Present day Honduras and the world has heard claims of Bonilla overseeing a department specifically believed to beat, kill and lose "disappearing" detainees. He is the top cop in the country that serves as a way station for most South American cocaine bound for the United States and beyond.
Bonilla runs all policing in Honduras. His responsibilities encompass everything from planning to investigations. He also is responsible for approving travel for training and vehicle repairs. He also oversees the police force - a force that is not at all consistent in that some officers show up, some don't, some are corrupt and the force is believed to be somewhere between 8,000 to 15,000 officers.
For one man to oversee that much, trouble must be amiss. There is no way one person can handle that much responsibility. Bonilla told The Associated Press he denied he once led a social cleansing campaign, that his police force is as criminal as those it arrests, or that he is in any way responsible for a rash of gang members who disappeared after being arrested.
"I can't be on top of everything. Sometimes things will escape me. I'm human," Bonilla said.

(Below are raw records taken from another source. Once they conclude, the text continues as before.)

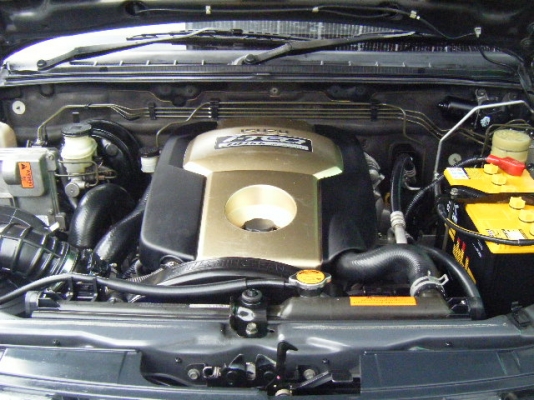 dmax แค็ป 3.0 4wd ปี2005 สีดำ รถมือแรกไม่เคยชน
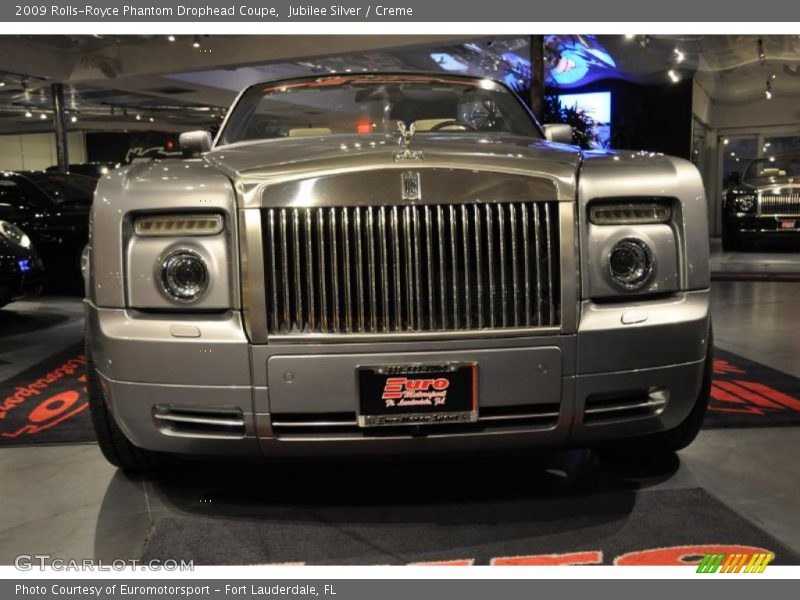 Jubilee Silver / Creme 2009 Rolls-Royce Phantom Drophead Coupe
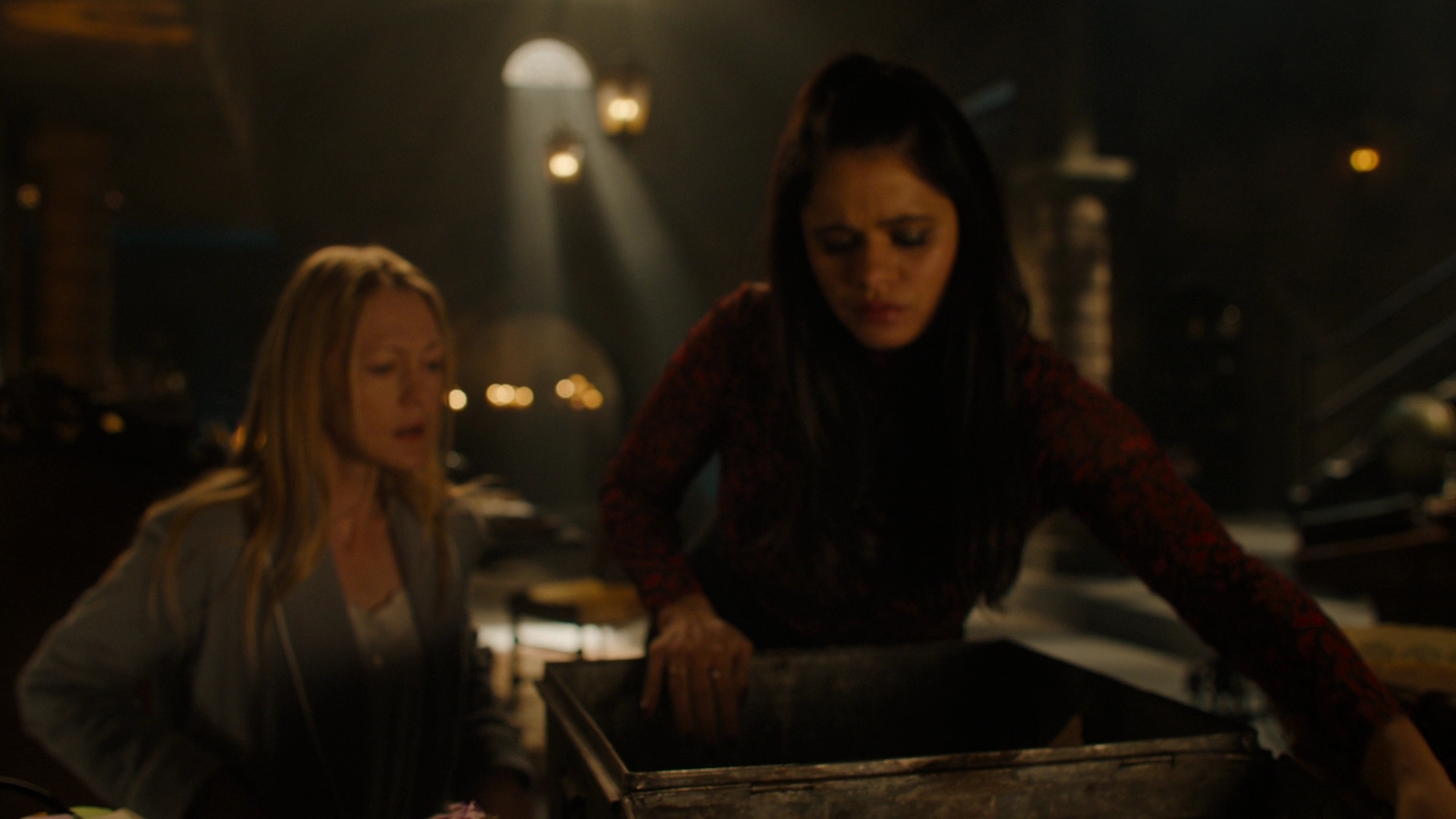 Charmed-Online-dot-nl_Charmed2x12NeedsToKnow0991.jpg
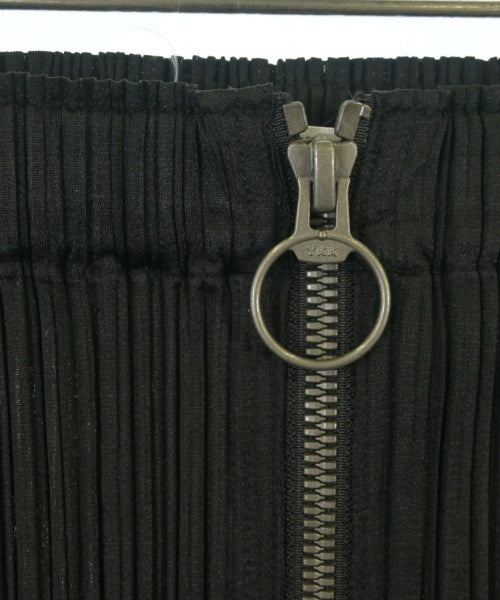 PLEATS PLEASE กระโปรงยาวถึงเข่า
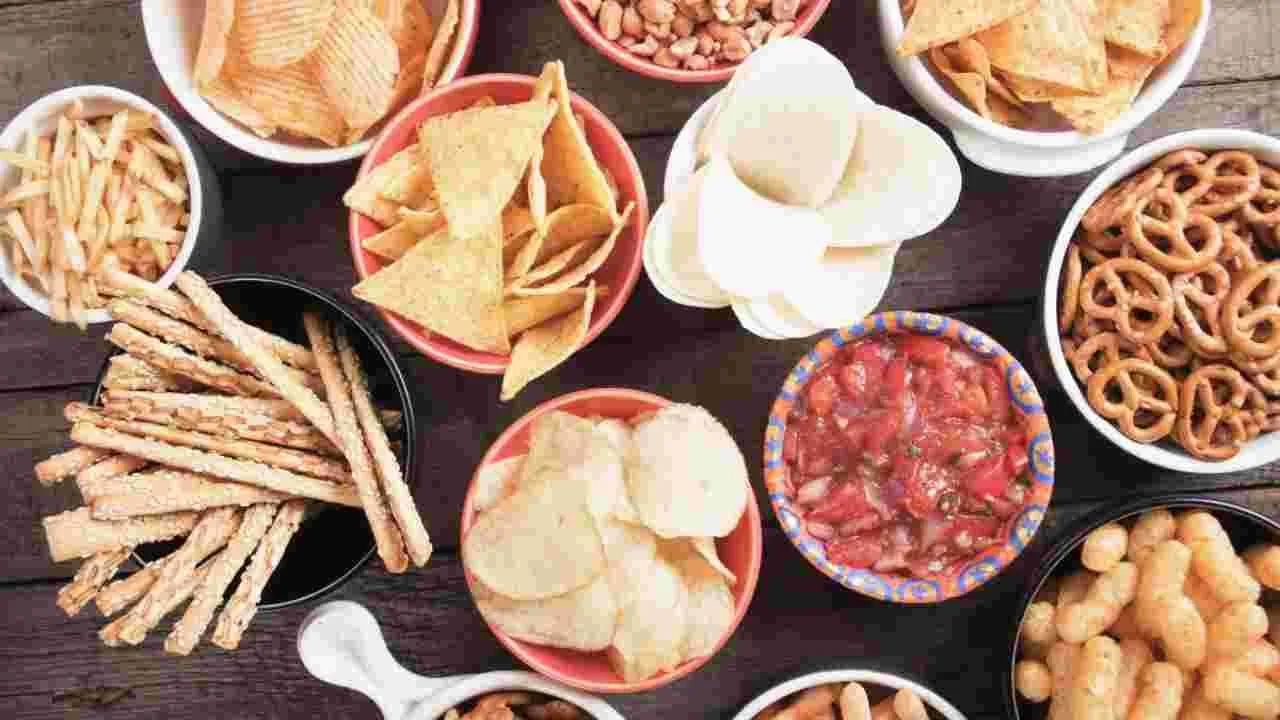  జీర్ణవ్యవస్థ మెరుగుపడడం: నూనె లేకుండా వంట చేయడం వల్ల మీ జీర్ణక్రియ మెరుగుపడుతుంది ఎందుకంటే నూనెలో చాలా కేలరీలు ఉంటాయి. అందువల్ల జీర్ణం కావడం కష్టం. నూనె లేకుండా తినడం వల్ల మీ కడుపుపై చాలా తేలికైన ప్రభావం ఉంటుంది. అలాగే జీర్ణక్రియను వేగవంతం చేస్తుంది, ఉబ్బరం, అజీర్ణం వంటి సమస్యలను తగ్గిస్తుంది.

His police force is routinely accused of civil rights abuses, the AP reported at least five cases of alleged gang members missing or killed after being taken into police custody in a wave of social cleansing of criminals.
Bonilla said he is aware of the charges and insisted that every complaint is being investigated. Excesses "happen, yes. We investigate them and act," he said. "You cannot use a word like 'death squads,' because there is no chain of command or an order by me, never, under any circumstances, to act illegally."
He defended the institution where "I've spent my whole life. I am loyal to it."
Among his personal books, Bonilla keeps a leather-bound copy of the indictment against him. "It's very painful as a human being for your family, your children, your children's schoolmates, your father, your friends or a woman you just met to ask you if you are a murderer," he said.
Bonilla "was the only high-ranking official without known ties to organized crime," said Arabeska Sanchez, who is an investigator with the University Institute of Peace and Security and a teacher at the country's Police Academy. "He remains under suspicion because it is impossible to know if he is implicated in state policies of human rights violations that have occurred close to him."
His replacement will be Commissioner Ramon Sabillon, who said that he expects to talk to Bonilla about the job and the state of security in Honduras.
Hondurans are no doubt happy to see him go - they exist in a literal war zone and hide in their homes at dusk due to the violence and gunfire. They wake to discarded bodies. Honduras has one of the world's worst homicide rates.